-In liaison with related word lists-
The band is one of those entities that you could have in your possession and be misunderstood when you pull it out: that extreme and experimental movie that makes acquaintances cringe, that artwork that now your friends think you're peculiar from, that t-shirt that gets mixed stares, that knife-comb that is out of place because you're of adult age now. Without hearing the music, the band name tentatively speaks of gore and shock, the demo title could have been rearranged to include 'in conspiracy,' 'in conjunction,' 'in league,' 'in service'...'inseparable,' 'insatiable,' 'innuendo,' 'infatuation,' uh, let's not get carried away. "Murder Rape" is something that is typically read in sensationalist headlines in the local paper, grabbing your attention at the title, and causing you to become sick to your stomach after reading the whole article; but then possibly from more sin than you initially bargained for.

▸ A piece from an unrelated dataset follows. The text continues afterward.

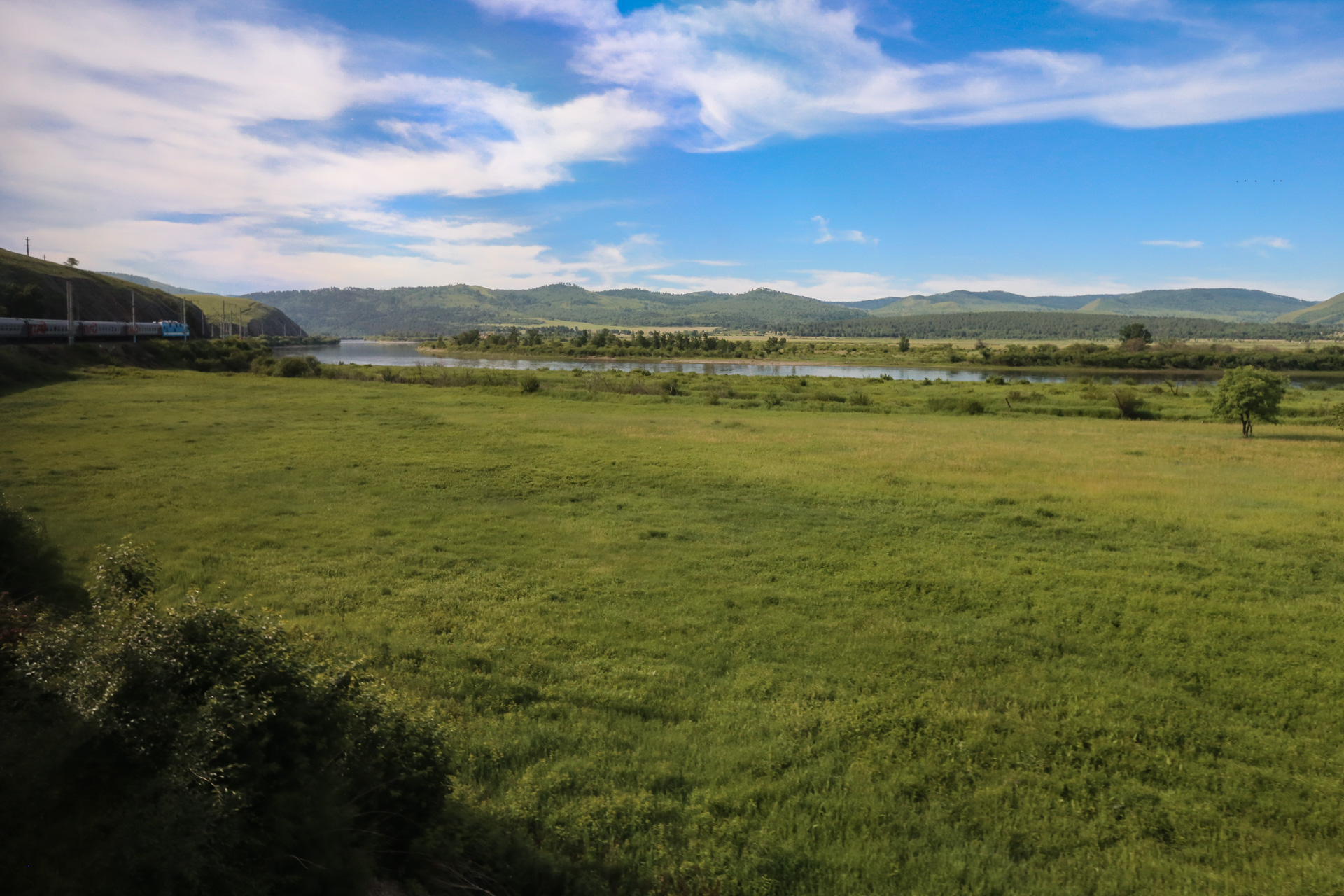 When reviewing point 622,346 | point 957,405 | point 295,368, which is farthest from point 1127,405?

After the token and overdrawn intro track sounding like something out of some old witch-craft film with evil samples and keyboards simultaneously wrecking blasphemous havoc, we get to the two tracks of metal music. The genre here could actually be looked at in either direction: as a death metal band playing with black metal spirits, or a black metal band with a thicker mind set and wanting to add the roped rhythms of characteristic death metal to make a point. Like in the past when Deicide and Incantation got muddled into either genre, the lesser-known Murder Rape could be just as well. Though the band at one point would spend more of their time with ideologies of the black side and this sentiment is what typically seals the diabolic deal.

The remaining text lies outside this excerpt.